6. TV channels running roughshod over fans

These days it seems that the TV companies have all the power and not two tosses are given regarding the travelling fans. Booked a train & hotel for your away trip to Southampton on Saturday? Tough, we’re moving it to Monday. Can’t get the train home from London if we move kick-off back to 5pm? Tough. The diehard fans that travel the length and breadth of our county to support their teams are the life blood of our game; yet time and time again get royally shafted by the cash obsessed TV channels. Which brings me nicely on to……

7. Modern cup final times

Whoever came up with the idea of moving the CL Final to a Saturday can take a long run off a short cliff as far as I’m concerned. People do things, like have weddings, parties and celebrations on Saturday nights, especially in May. Just managing to watch it feels like an achievement these days. Then there’s the poor old FA Cup final. Shoved back to 5pm to help generate a few more pennies; what was once our showpiece event on the last Saturday on the season, must now make do with being shoehorned in somewhere between the more lucrative PL finale and CL final.

8. Sepp Blatter

Do I really need to go into detail regarding the egotistical maniac in charge of the most crooked and corrupt organisation on the planet?!? Thought not.

9. Sam Allardyce

Speaking of egos; is there anything more irritating about modern-day football than “Big Sam”? As the money involved in the PL has grown, so in turn has the desperation to stay there. Sam’s hideous blueprint for not getting relegated has given him the longevity that his brand of anti-football surely doesn’t deserve. In fact, the only thing worse than Allardyce making millions from his heinous style of football, is his arrogance that he simultaneously manages to exude whilst serving it up.

10. FIFA/Football Manager based football scouts

A relatively new phenomenon this, but annoying none the less. Such is the quality of detail of these games now that a whole new genre of annoying people has emerged. You know the sort, all these who have from nowhere developed an encyclopaedic knowledge of world football – based solely on what their computer games tell them. Maybe if they turned the PlayStation off and actually watched a match, they might realise that the Stuttgart left-back they keep gushing about is actually utter sh*t!

Oh, and one more I forgot about…”Since the Premier League began”

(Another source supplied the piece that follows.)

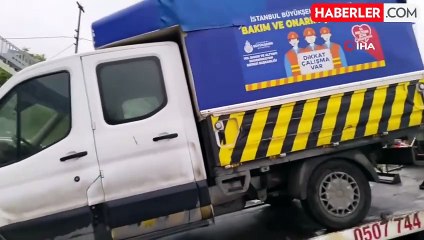 Kartal'da İBB'ye ait araç, bariyere ok gibi saplandı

I think we’re all quite clear now, as far as the cosy bed fellows of Sky and the Premier League are concerned, football in our country didn’t actually exist prior to 1992!

The Author

Jonathan Anderson

A wonderful man. Hero of the North. Devoted Son, Fiancé, Uncle, Brother. Lover of all sports but a Football man first and foremost. A long suffering Newcastle United fan due to some heinous offence crime committed in a former life. Master of Maps by trade, I write as a way of venting the overflow of thoughts that fill my head on a daily basis; if I don’t let ‘em out my head may explode. My views are my own and usually born of some kind of football based frustration; if you dig it and you agree, awesome, high five! If not, well, let’s not lose any sleep, chances are we’ll never meet anyway.

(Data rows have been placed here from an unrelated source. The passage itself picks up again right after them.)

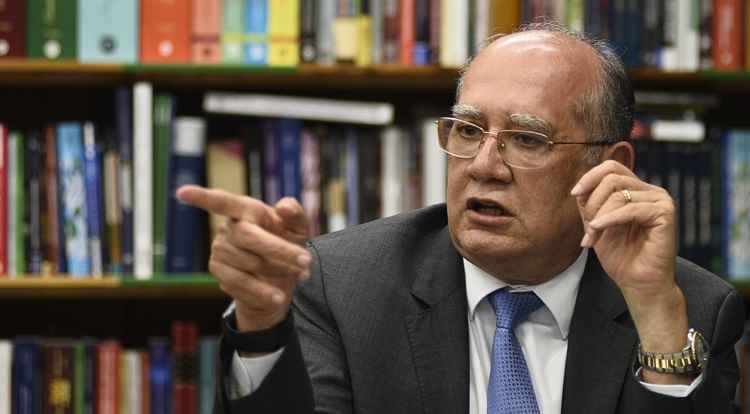 AtÃ© que a Suprema Corte possa analisar essa solicitaÃ§Ã£o, o ministro Gilmar Mendes resolveu interromper temporariamente os processos que discutem a controvÃ©rsia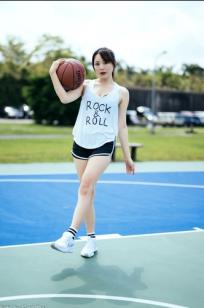 Ashley运动风写真：篮球与滑板少女的夏日户外活力穿搭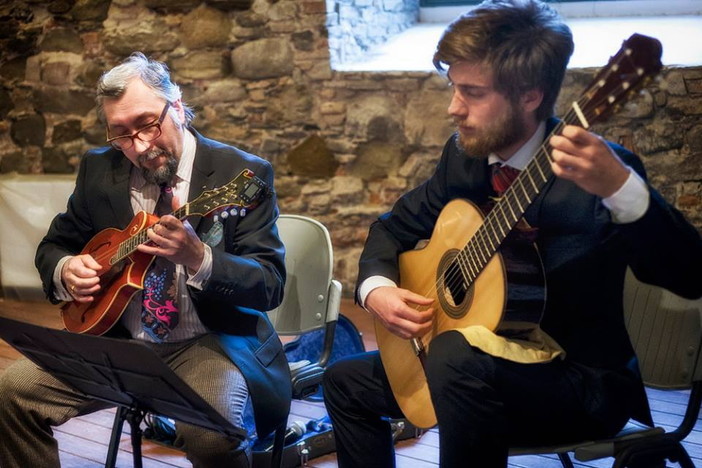 Il ‘Duo Pizzicante’ in concerto a Bajardo: Freddy Colt porta il mandolino sul colle dei druidi Il ‘Duo Pizzicante’ in concerto a Bajardo: Freddy Colt porta il mandolino sul colle dei druidi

5 thoughts on “Ten(ish) things I f*****g hate about modern football

  1. What an angry, angry man. Would absolutely hate to watch a match with this bloke.. He missed “absolute tossers who think they know everything so get pissed off at everyone else about it.” Off this list… Calm down mate just enjoy it. Why get so upset? Do you need a hug?

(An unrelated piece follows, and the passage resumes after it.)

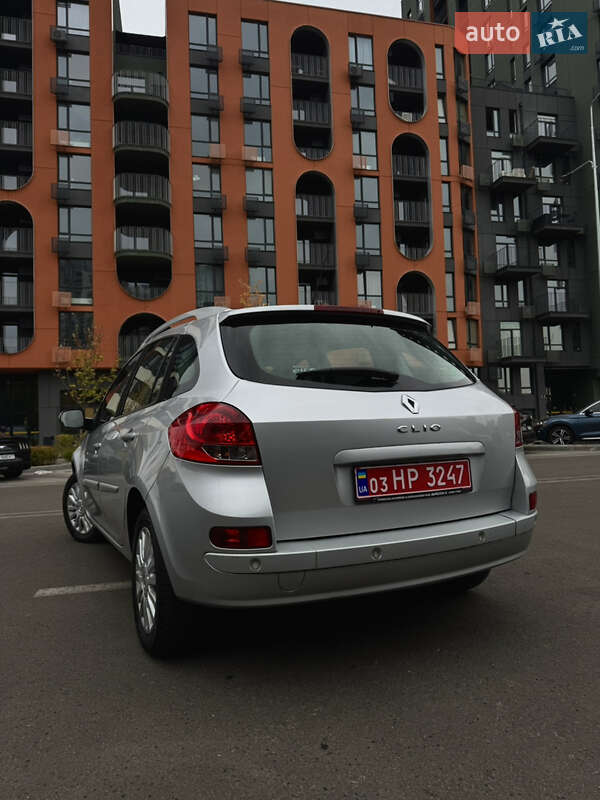 Универсал Renault Clio 2011 в Киеве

  2. Strongly agree with 4, 7 & 8 but not too bothered by the rest.

    Oh, and you missed Daniel Levy from “D*ckhead owners”

  3. Jon, great commentary on the state of the game is once loved; not any more. It was once the sport for the working man, those days are over. My remedy is motto watch it and support grass roots football. I have not watched any televised football for 5 years now, it only makes me angry.